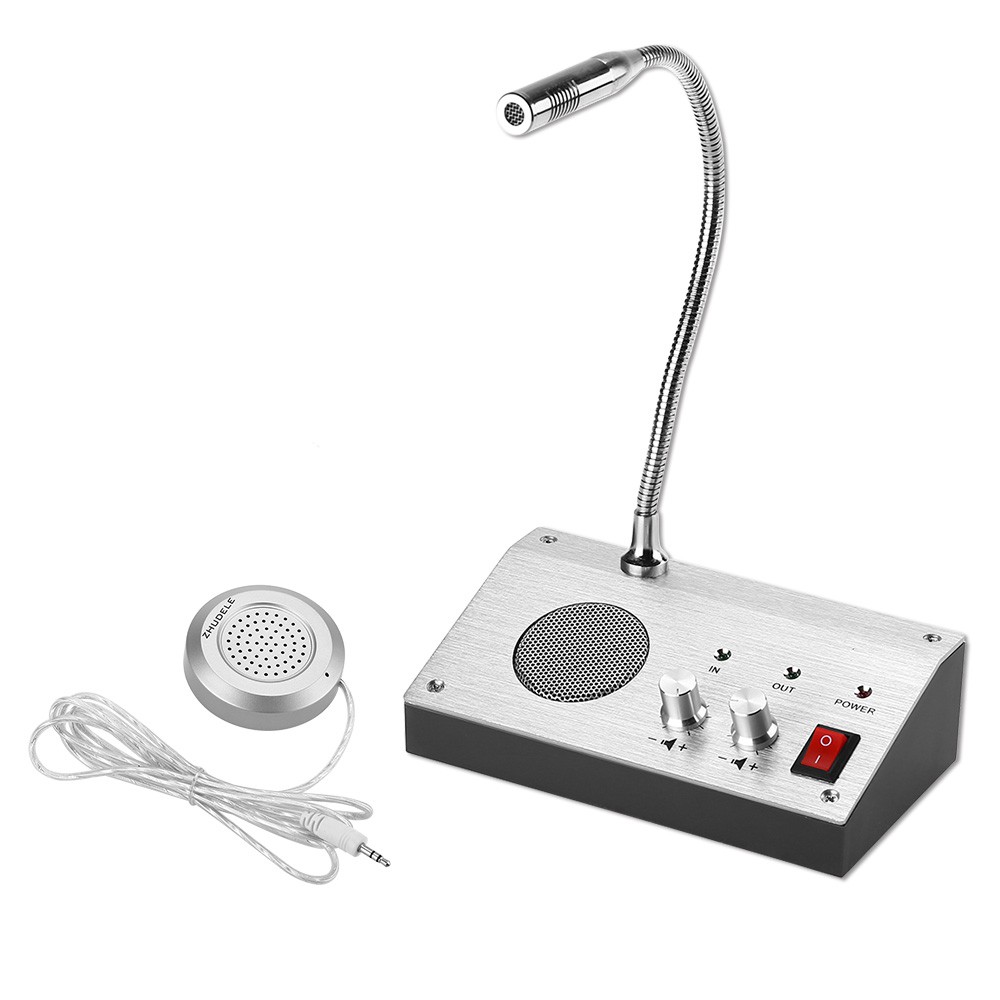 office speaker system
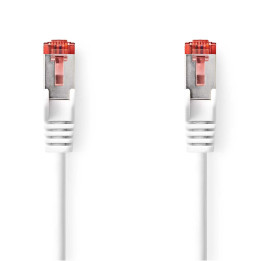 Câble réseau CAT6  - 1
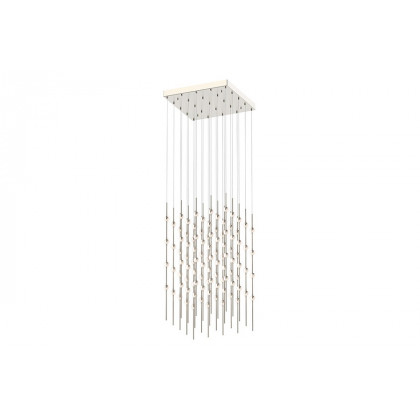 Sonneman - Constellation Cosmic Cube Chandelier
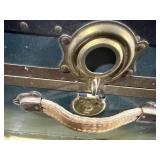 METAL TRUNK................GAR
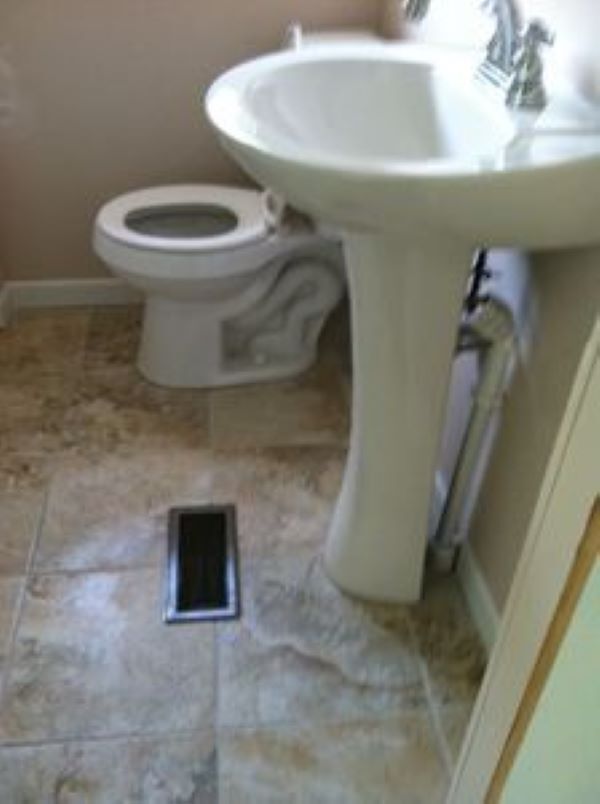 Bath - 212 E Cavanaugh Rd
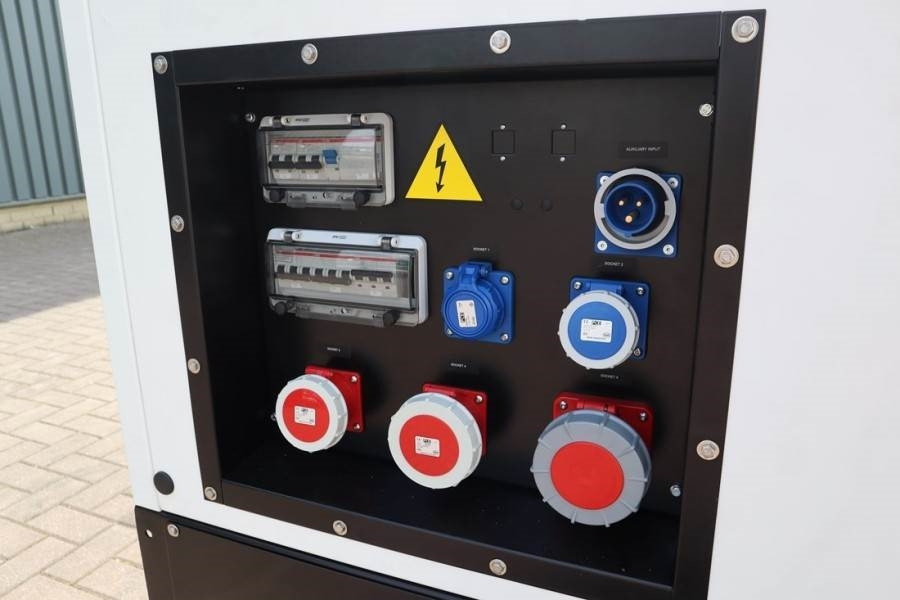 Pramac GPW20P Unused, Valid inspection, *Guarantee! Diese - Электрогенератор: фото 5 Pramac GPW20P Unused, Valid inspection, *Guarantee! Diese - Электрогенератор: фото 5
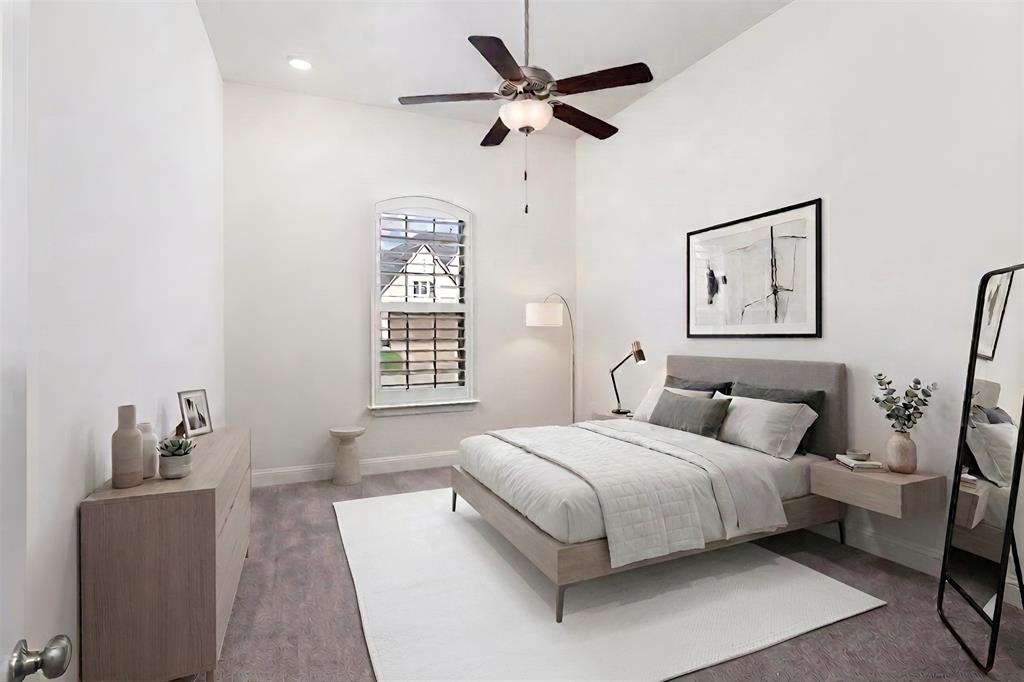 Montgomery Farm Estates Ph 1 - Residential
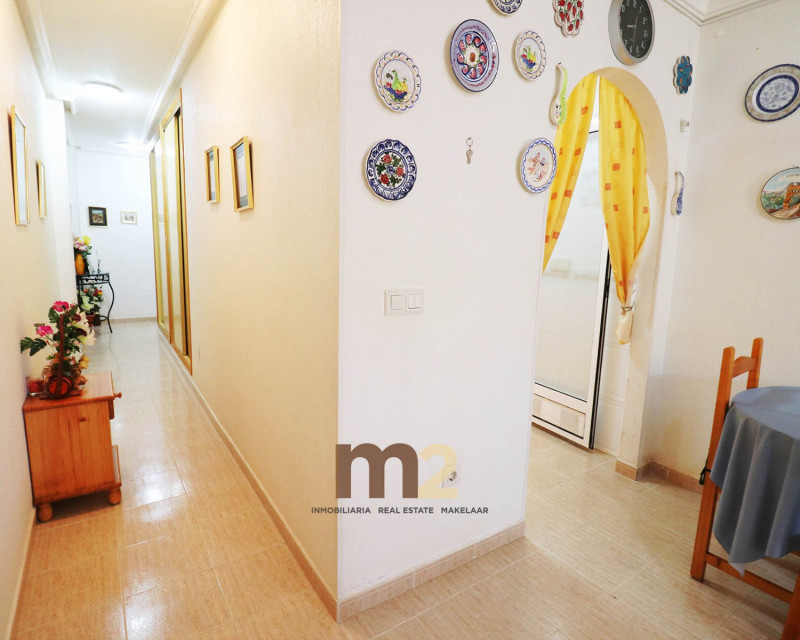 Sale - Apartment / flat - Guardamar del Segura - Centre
####################
AIM OF THE TASK:
Starting from the line containing "фото 5 Pramac", repeat each line exactly through the end of the entries, including the last, while leaving pictures out.

SOLVED EXERCISE:
 Pramac GPW20P Unused, Valid inspection, *Guarantee! Diese - Электрогенератор: фото 5 Pramac GPW20P Unused, Valid inspection, *Guarantee! Diese - Электрогенератор: фото 5
 Montgomery Farm Estates Ph 1 - Residential
 Sale - Apartment / flat - Guardamar del Segura - Centre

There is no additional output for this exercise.